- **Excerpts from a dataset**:
-*-*-

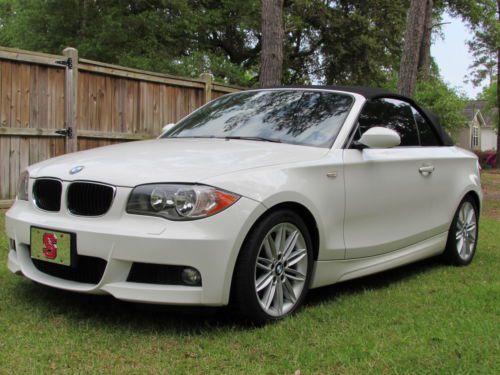 2009 bmw 128 convertible m-sport certified pre-owned warranty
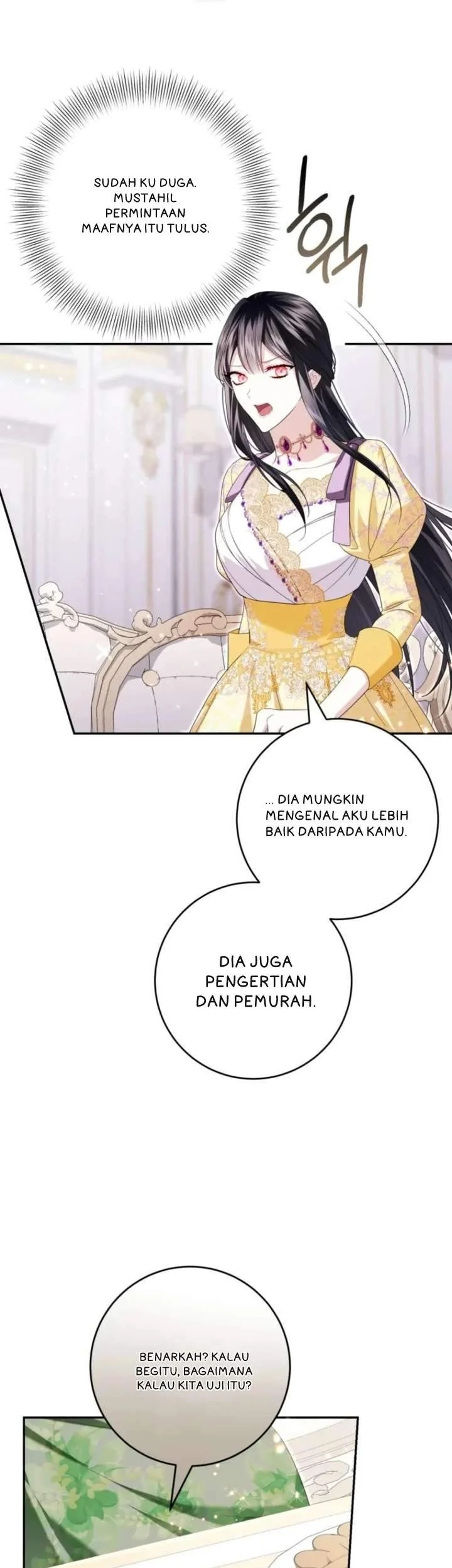 I Became the Villainess’s Favorite Chapter 27 Gambar 56
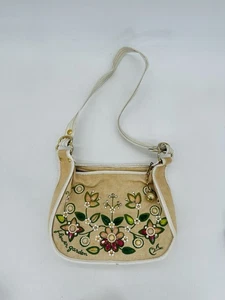 Vintage Enid Collins Flower Garden Jeweled Strass Handtasche Geldbeutel Tasche RAR - Bild 1 von 5
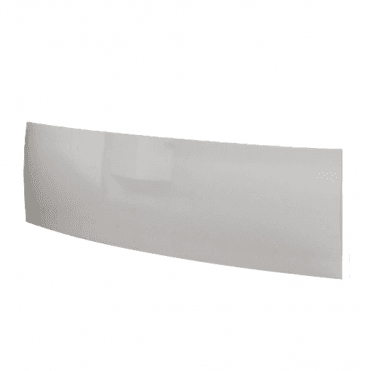 Lara 1700mm Front Bath Panel - White Gloss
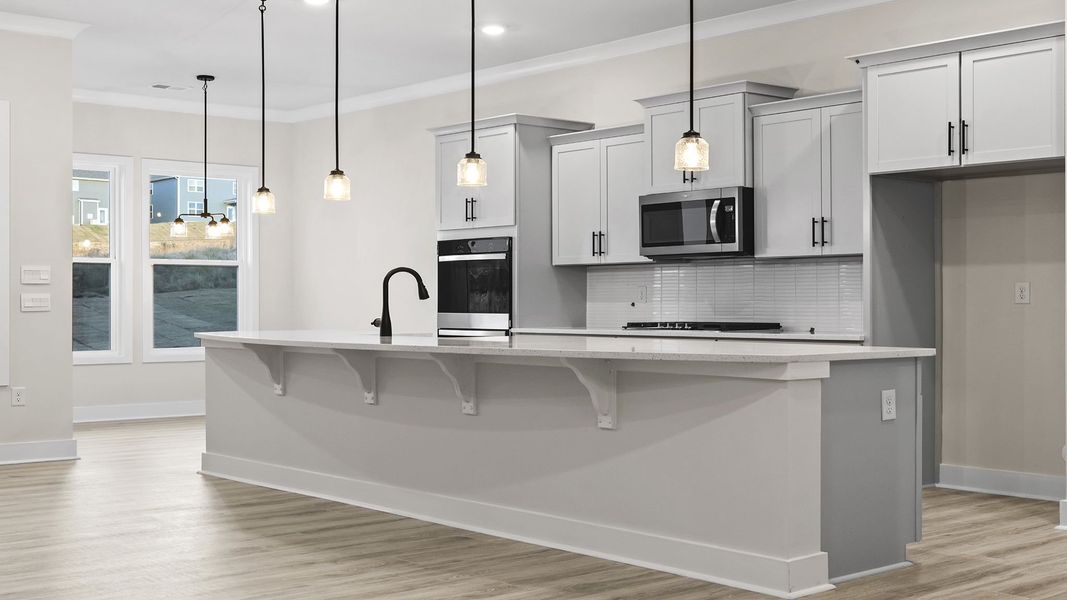 Furnished interior view inside a new home in Seven Oaks, Greenwood (Image 6).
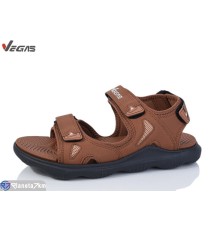 Сандалі чоловічі на літо (8 пар р.41-46) camel  "Supo-Vegas"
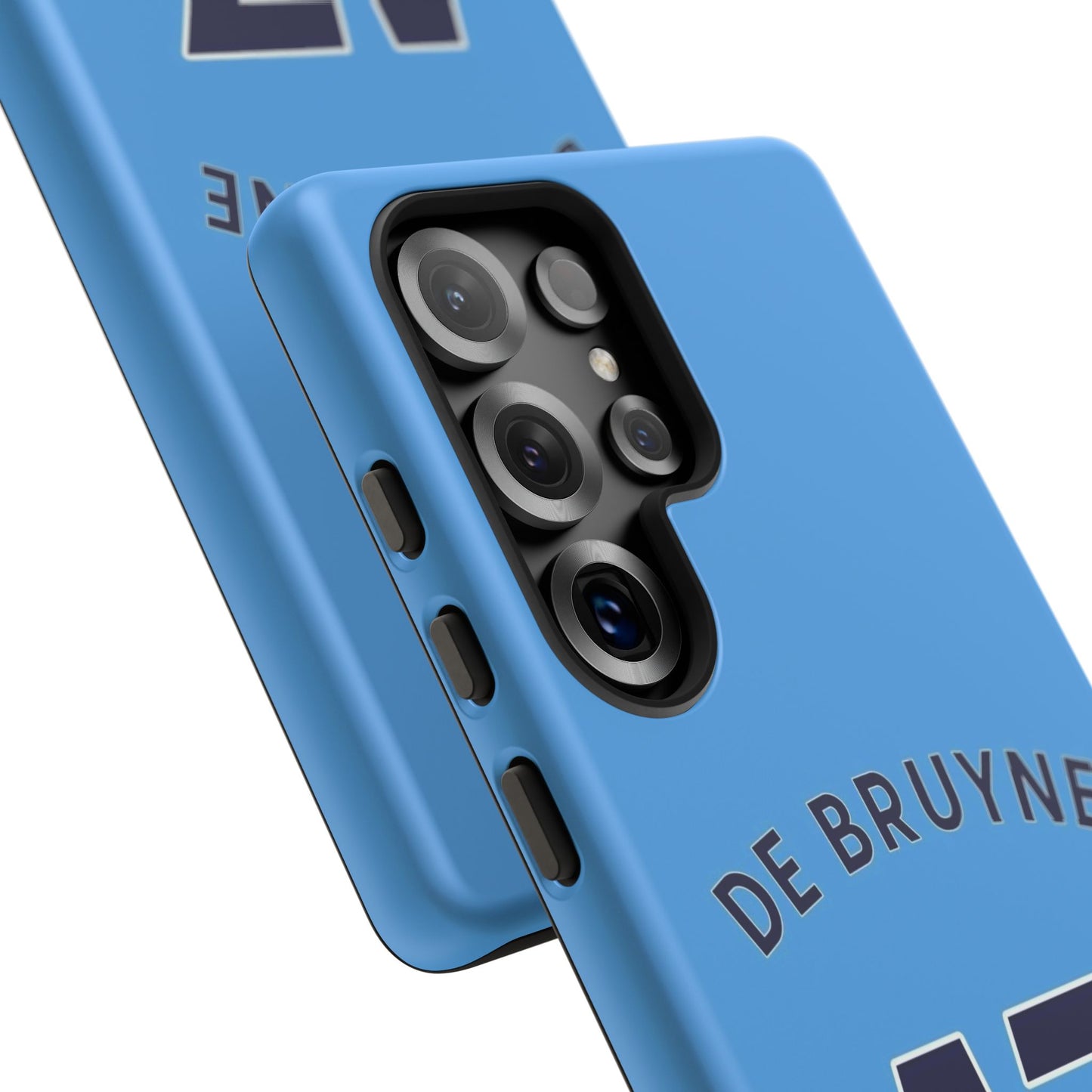 Kevin De Bruyne VisionGuard – Enhanced Protection & Sleek Design | Fits iPhone 8–16 Pro Max & Galaxy S10–S25 Ultra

-*-*-

- **PROBLEM STATEMENT**:
Give again, unchanged, only the lines from the line containing "Сандалі чоловічі на" to the last line of the records above. Pictures do not belong in the copy.

- **PROBLEM SOLUTION**:
 Сандалі чоловічі на літо (8 пар р.41-46) camel  "Supo-Vegas"
 Kevin De Bruyne VisionGuard – Enhanced Protection & Sleek Design | Fits iPhone 8–16 Pro Max & Galaxy S10–S25 Ultra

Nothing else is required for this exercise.